Below are some interesting Buddha bowl recipes, which are colorful and full of nutrients.

1. Roasted Veggie Bowl

Roasted Veggie Bowl :Buddha Bowl Recipes


This vegan, gluten-free, soy-free recipe has got all the crispy and creamy flavors with zero unhealthy fats.


For Roasting And Serving

  • 1 head broccoli, chopped into bite-sized pieces
  • 1 head cauliflower, chopped into bite-sized pieces
  • 1 1/2 cups cooked chickpeas, drained and rinsed
  • Salt and pepper as per your taste
  • 1 tbsp olive oil
  • Cooked grains, for serving (optional)

For The Dressing

  • 1/2 cup cashews, soaked
  • 2 tbsp fresh lemon juice
  • 1 large garlic clove
  • 1 tbsp tahini
  • 1/4 cup nutritional yeast
  • 1/4 tsp fine grain sea salt
  • 6 tbsp water, or as needed to thin out


  1. Soak the cashews in a bowl of water for around 8 hours or overnight.

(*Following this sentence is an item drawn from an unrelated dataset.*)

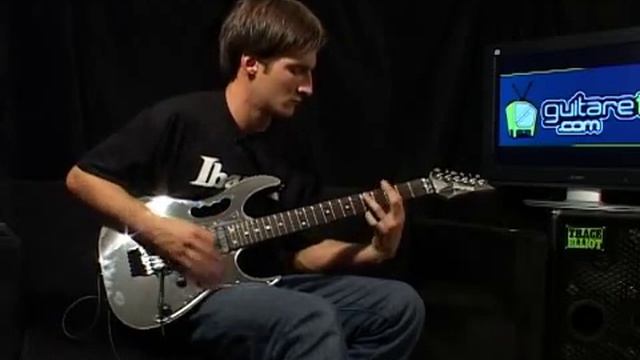 Test de la guitare Ibanez JEM 77 signature Steve Vai.flv смотреть онлайн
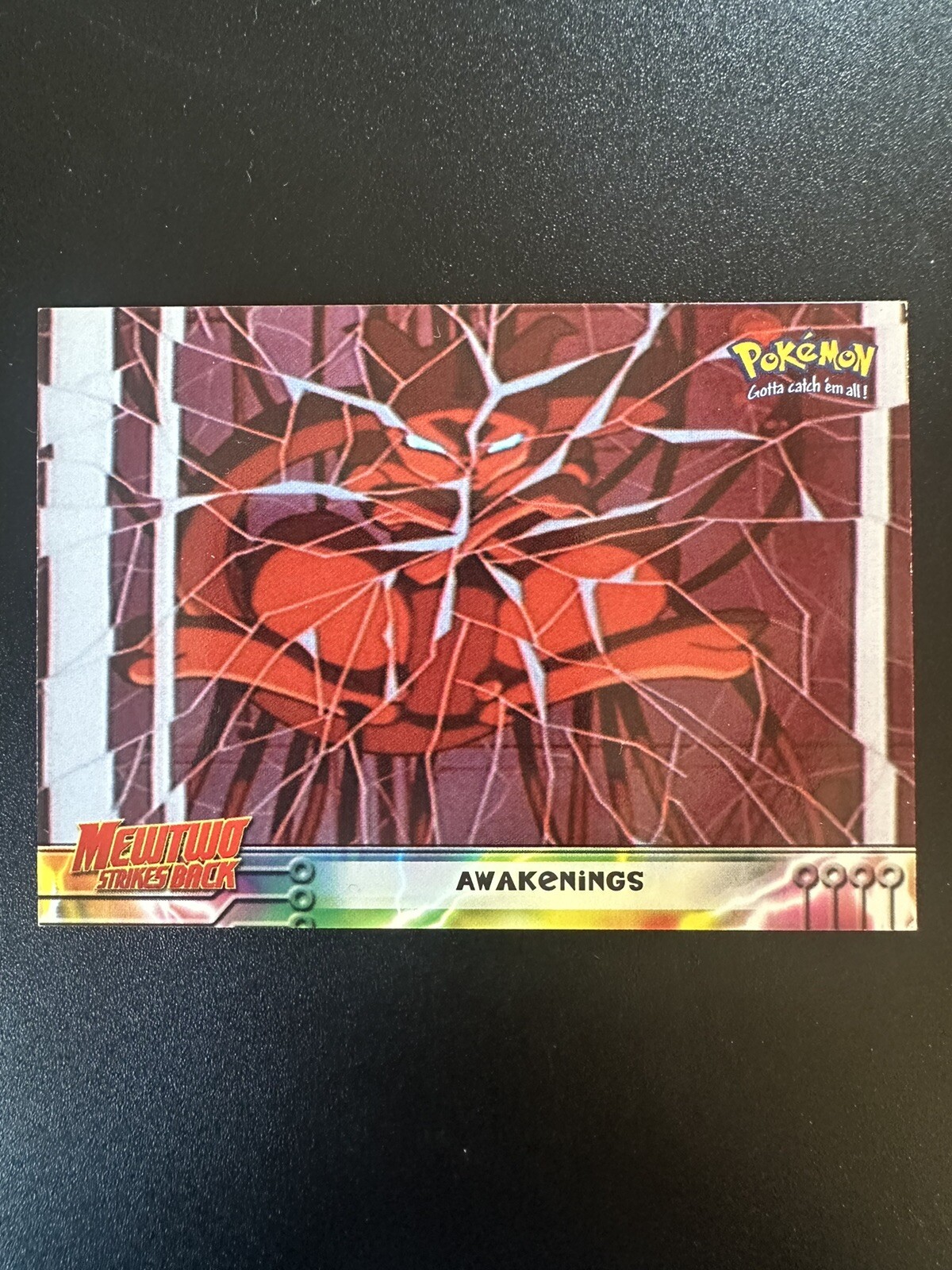 Pokemon Card AWAKENINGS #2 Mewtwo Strikes Back Pokemon TOPPS  Blue Logo EXC/NM!!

If you aren’t able to soak it for that long, pour boiling water over the cashews in a bowl and let them soak for 45 minutes.
  2. Preheat oven to 400°F. On two large baking sheets with parchment paper, place chopped broccoli and cauliflower. Drizzle with 2 tsp oil and mix with hands until coated. Sprinkle with salt and pepper. Set aside.
  3. Dry the soaked chickpeas to remove excess water using paper towels. Drizzle with 1 tsp oil and roll around the chickpeas with your hands until they are all coated. Sprinkle with salt and pepper.
  4. Roast the broccoli, cauliflower, and chickpeas for 15 minutes at 400°F. Give the pans a gentle shake after 15 minutes.
  5. Roast for another 10-15 minutes or until the broccoli and cauliflower are cooked throughly and the chickpeas turn golden in color.
  6. Make the dressing by adding all dressing ingredients into a blender, until smooth.
  7. Remove the vegetables and chickpeas from the oven and transfer them into a large bowl. Add the desired amount of dressing and toss until all the vegetables are coated.
  8. You can additionally add cooked grains and more dressing to increase the health quotient.

2. Hippie Bowl

Hippie Bowl :Buddha Bowl Recipes


This colorful bowl has gut-friendly benefits apart from being a healthy detox food.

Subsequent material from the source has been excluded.